A predicable and typical example of virtue-signaling by apostate Randal Rauser:

I’m guessing you have no Muslim friends because if you did, you’d recognize that the views you just expressed represent a selected portrait (one popular among conservative American media) which mirrors the uncharitable portrait of conservative Christians common in liberal media.

Your question — when are professed “Christians ever this bad? — suggests you have some rather dark rose tinting on your glasses. Professing Christians commit violent and un-christlike actions all the time. To be sure, you can say “Those aren’t real Christians” but then you fall into the no True Scotsman fallacy.

And the mirror opposite applies as well: my Muslim friends are loving and kind and thoughtful. They are like Izzeldin Abuelaish, the Muslim doctor who wrote a memoir, “I Shall Not Hate,” chronicling his journey of forgiveness for the Israelis that killed his family.

Of course, as you say the true Christians aren’t violent, you can also say the true Muslims are, in which case you can exclude Abuelaish as a false Muslim. And in that way, you can stumble yet again into the no true Scotsman fallacy.

A better way: you could choose to love your neighbor and treat them the way you want to be treated, to get to know some Muslims, and to set aside your stereotypes.


1. Rauser is smart enough to know that he's blurring crucial distinctions. The fundamental question isn't how professing Muslims and Christians behave, but whether their behavior is consistent with or even mandated by their authoritative religious sources. 

2. Modern-day Muslims routinely commit atrocities and social pathologies on a wide scale, viz. acid attacks, beheadings, female genital mutilation, sex slaves, a rape culture, honor-killings, jihad, martyring Christians, flogging women who refuse to wear a hijab, ISIS, Boko Haram. There's nothing comparable going on in modern-day Christianity. At one point Rauser tried to draw a comparison with the Rwandan genocide. 


3. We could go back in time to the brass-knuckle tactics of Roman Catholicism, which used to resort to torture and warfare to suppress "heretics" and "schismatics." In many cases I think their motives were sincere. They were being true to their religion. Of course, Catholic theology has undergone some drastic change since then, at the expense of internal consistency. I'm not obligated to vouch for their Christian bona fides. I'll leave that assessment to God. 

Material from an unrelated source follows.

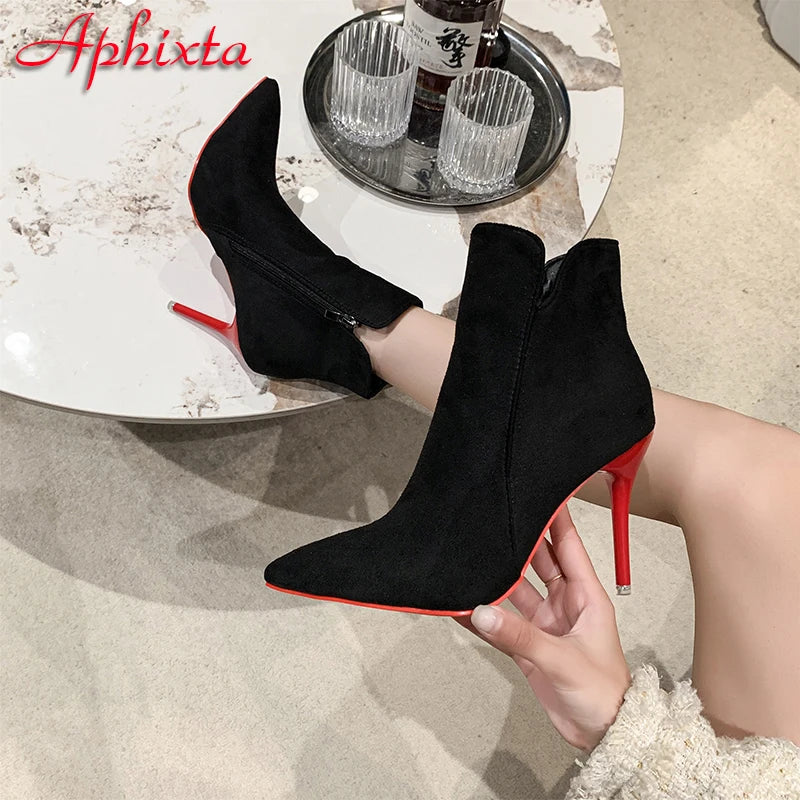 Bota Feminina de Cano Curto com Salto Stiletto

4. Islam isn't a sola-Quran religion. The Islamic faith is defined by the development of authoritative traditions and interpretations. 

5. Part of Rauser's duplicity on this issue is due to the fact that he's a progressive theologian who naturally sympathizes with progressive Muslims. Just has he rejects biblical authority, he deems it consistent with Muslim identity for them to reject their authoritative religious sources. He seems them making the same moves that he does. But, of course, that's hardly represents normative Islam. It just reflects the secularizing wings of Christianity and Islam alike. 

6. BTW, one of Rauser's tactics is to pick on soft targets. He will quote somebody who's easy to outargue, then pat himself on the back. 

1 comment:

  1. You don't have Jews, Hindus, Buddhists or Christians flying planes into buildings or blowing up trains and buses.

    Anyone who is an apologist for this evil, satanic cult is morally bankrupt.